**Exercise**
Beginning with the line containing "If you know" and ending with the line containing "Here you have", write out each line of the records below exactly; pictures and lines outside that range are left out.

**Data records**
------------------------------------------------------------------------
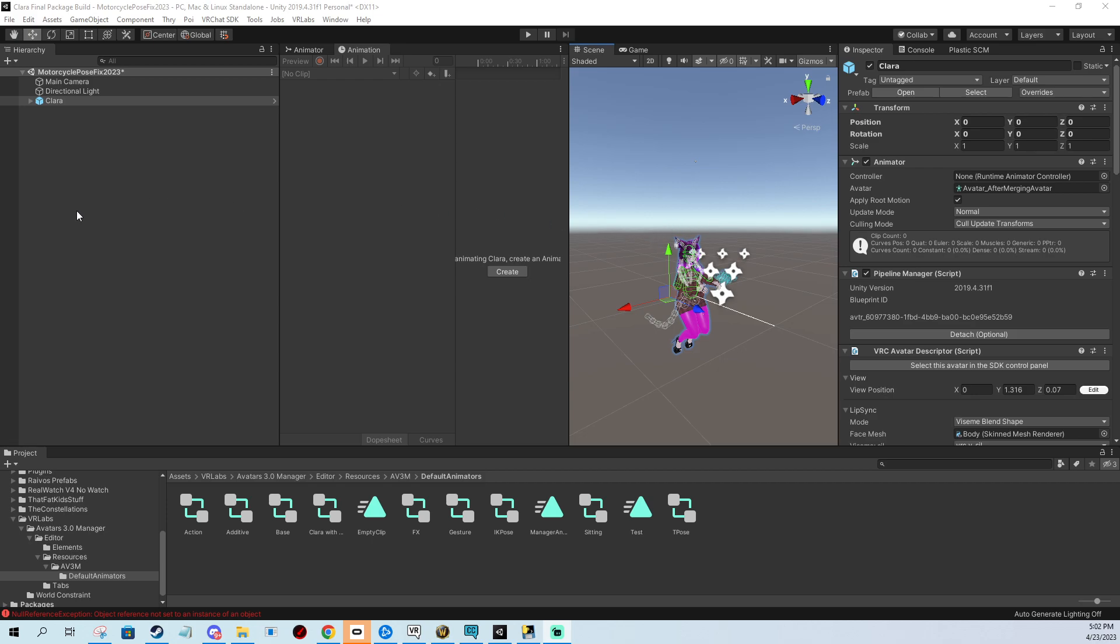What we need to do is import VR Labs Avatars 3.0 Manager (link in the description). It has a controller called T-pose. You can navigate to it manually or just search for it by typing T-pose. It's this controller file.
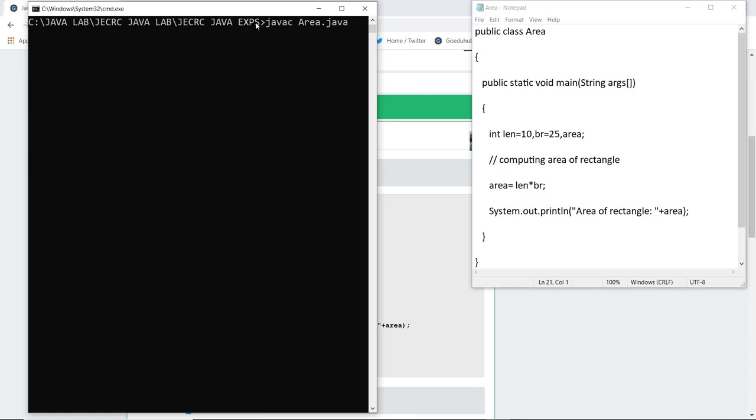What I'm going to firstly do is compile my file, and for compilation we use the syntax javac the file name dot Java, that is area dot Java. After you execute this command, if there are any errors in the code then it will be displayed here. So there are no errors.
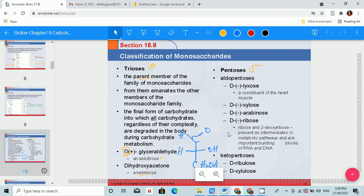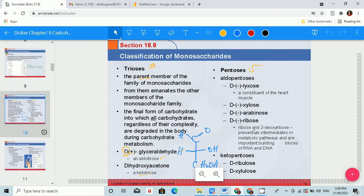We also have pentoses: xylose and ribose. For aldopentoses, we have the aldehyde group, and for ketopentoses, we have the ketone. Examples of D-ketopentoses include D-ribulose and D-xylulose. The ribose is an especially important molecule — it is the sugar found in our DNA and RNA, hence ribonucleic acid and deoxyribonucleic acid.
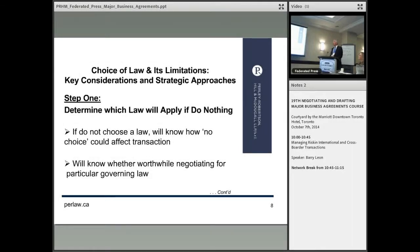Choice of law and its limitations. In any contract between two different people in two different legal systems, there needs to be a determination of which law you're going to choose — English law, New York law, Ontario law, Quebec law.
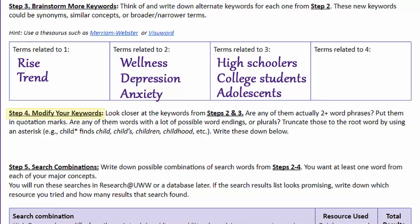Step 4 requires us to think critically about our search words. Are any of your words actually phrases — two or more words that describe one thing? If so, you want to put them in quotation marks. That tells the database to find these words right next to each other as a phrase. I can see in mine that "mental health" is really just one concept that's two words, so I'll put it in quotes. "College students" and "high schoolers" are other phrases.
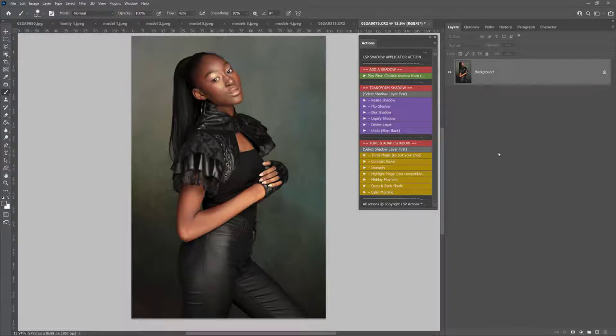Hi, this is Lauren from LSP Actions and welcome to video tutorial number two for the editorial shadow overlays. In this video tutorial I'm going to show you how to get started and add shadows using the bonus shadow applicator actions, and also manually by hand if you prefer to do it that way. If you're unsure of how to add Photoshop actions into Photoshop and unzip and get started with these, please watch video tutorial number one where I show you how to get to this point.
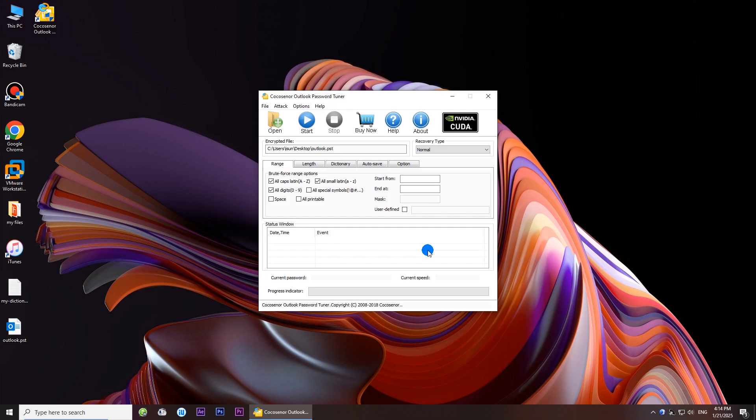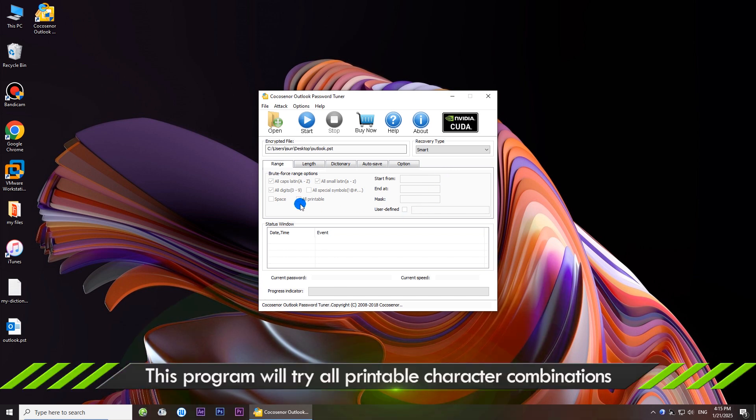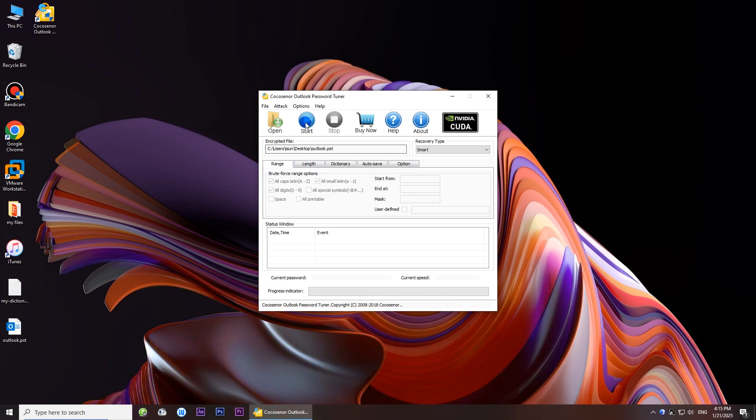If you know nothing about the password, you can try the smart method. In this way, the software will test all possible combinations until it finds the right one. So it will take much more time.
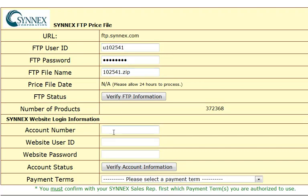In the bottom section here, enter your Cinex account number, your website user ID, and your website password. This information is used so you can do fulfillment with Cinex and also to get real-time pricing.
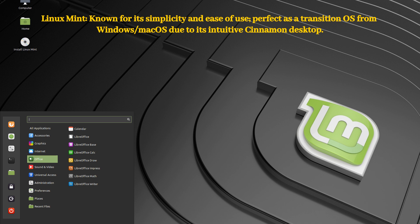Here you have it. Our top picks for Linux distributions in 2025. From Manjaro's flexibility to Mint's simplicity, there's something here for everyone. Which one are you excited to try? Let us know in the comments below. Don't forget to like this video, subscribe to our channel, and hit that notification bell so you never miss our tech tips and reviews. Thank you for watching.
------------------------------------------------------------------------
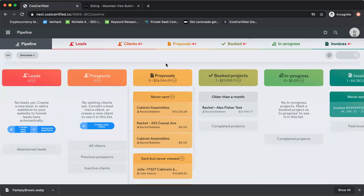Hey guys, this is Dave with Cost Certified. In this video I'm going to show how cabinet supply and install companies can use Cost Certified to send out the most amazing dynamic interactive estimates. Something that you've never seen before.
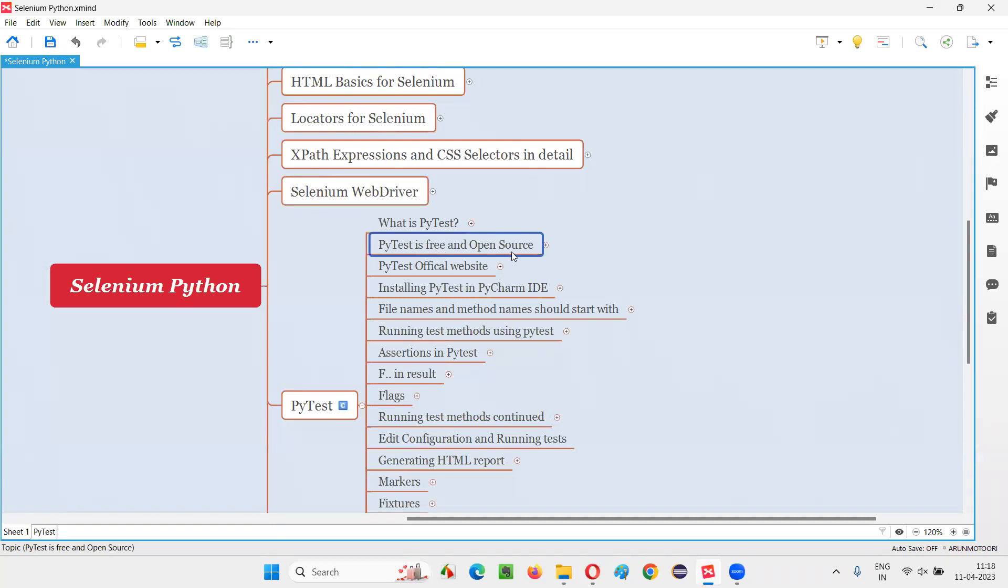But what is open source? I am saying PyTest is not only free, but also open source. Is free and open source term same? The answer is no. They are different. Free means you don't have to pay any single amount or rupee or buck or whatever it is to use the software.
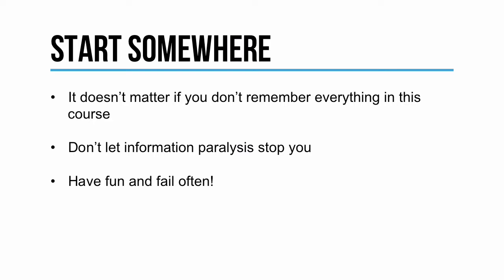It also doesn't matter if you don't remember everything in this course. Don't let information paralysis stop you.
------------------------------------------------------------------------
**Task answer**
If you know nothing about the password, you can try the smart method. In this way, the software will test all possible combinations until it finds the right one. So it will take much more time.
In the bottom section here, enter your Cinex account number, your website user ID, and your website password. This information is used so you can do fulfillment with Cinex and also to get real-time pricing.
Here you have it. Our top picks for Linux distributions in 2025. From Manjaro's flexibility to Mint's simplicity, there's something here for everyone. Which one are you excited to try? Let us know in the comments below. Don't forget to like this video, subscribe to our channel, and hit that notification bell so you never miss our tech tips and reviews. Thank you for watching.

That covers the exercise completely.